Why Red Bull didn’t play the “back up” card with Verstappen — and why it probably wouldn’t have worked
Max Verstappen did what he had to do at lights-out in Abu Dhabi: pin Norris to the wall metaphorically, own Turn 1, and control the pace. From there, the race morphed into chess. McLaren split its tyre compounds — Lando Norris shadowing Verstappen on mediums, Oscar Piastri the outlier on hards — and the strategic subplots started writing themselves.
By mid-distance Verstappen had what every race engineer dreams of: a fat cushion up front and, briefly, a free stop. Cue the chatter. With a 25-second lead over Piastri and Norris third, Red Bull had the window to pit, slap on fresh tyres and send Verstappen back out just ahead of the McLarens. Max could then back Piastri into Norris, Charles Leclerc and George Russell, potentially tripping up the orange cars and opening the door for the title maths to swing his way.
It never happened. Verstappen stuck to plan A, and the paddock raised an eyebrow.

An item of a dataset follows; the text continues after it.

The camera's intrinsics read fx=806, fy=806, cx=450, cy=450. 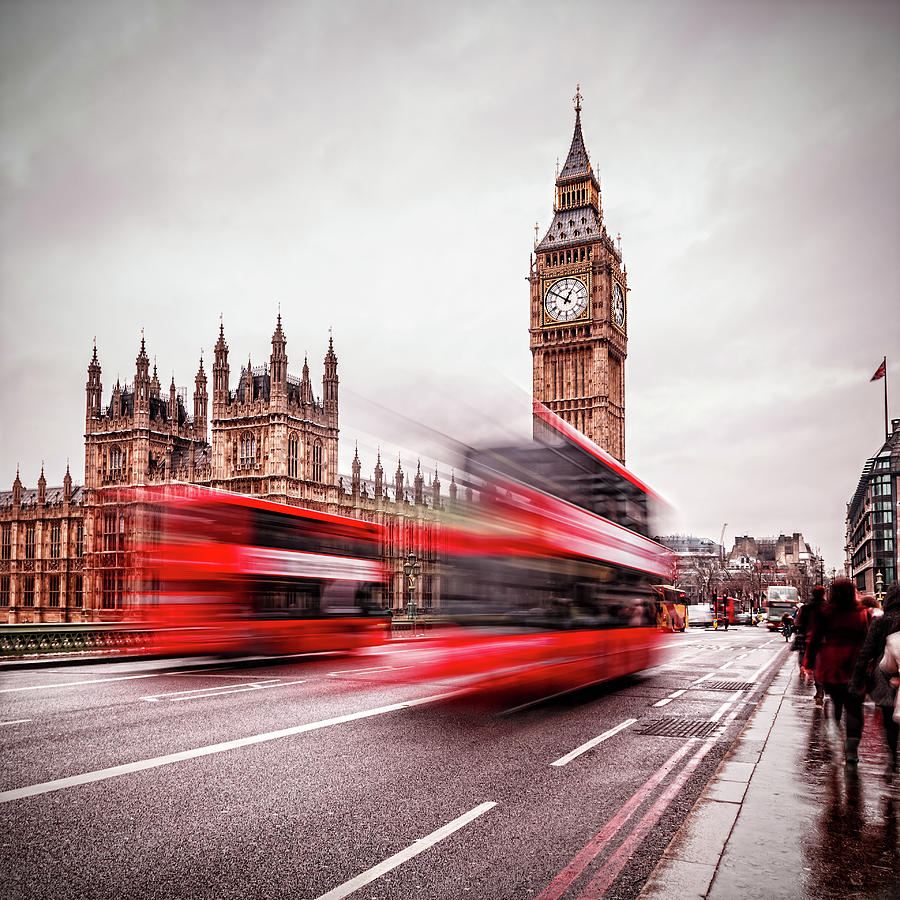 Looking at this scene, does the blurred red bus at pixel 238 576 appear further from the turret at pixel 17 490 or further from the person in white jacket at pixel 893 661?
the turret at pixel 17 490

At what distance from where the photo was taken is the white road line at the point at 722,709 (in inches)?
505

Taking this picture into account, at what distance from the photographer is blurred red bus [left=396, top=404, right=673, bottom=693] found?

“I’m a bit surprised that Max and Red Bull didn’t try a little more,” Nico Rosberg said on Sky. Charles Leclerc admitted he expected “a few games” from Verstappen at the beginning or at the end — the kind of cat-and-mouse you use when the trophy is on the line and you’ve run out of conventional rope.
Red Bull’s response? Nothing coy about it. Helmut Marko spelled it out: against two McLarens running different strategies, the trap was more likely to catch the guy in front.
“It was one Red Bull against two McLarens,” Marko said afterwards. “They did a clever move putting Piastri on hards — that’s why we couldn’t bunch up the whole field, because the benefit would have been on Piastri’s side.”
That’s the crux. The so-called “concertina” play only works if you’ve got a compliant train behind you or at least mismatched tyres you can exploit. Hamilton weaponised it against Rosberg in 2016 because he knew exactly what was behind him and how to control it. In Abu Dhabi this time, Piastri — on the robust hard compound, long in the tooth and still happy — was the last driver you’d want welded to your diffuser if you’d just given away track position on purpose.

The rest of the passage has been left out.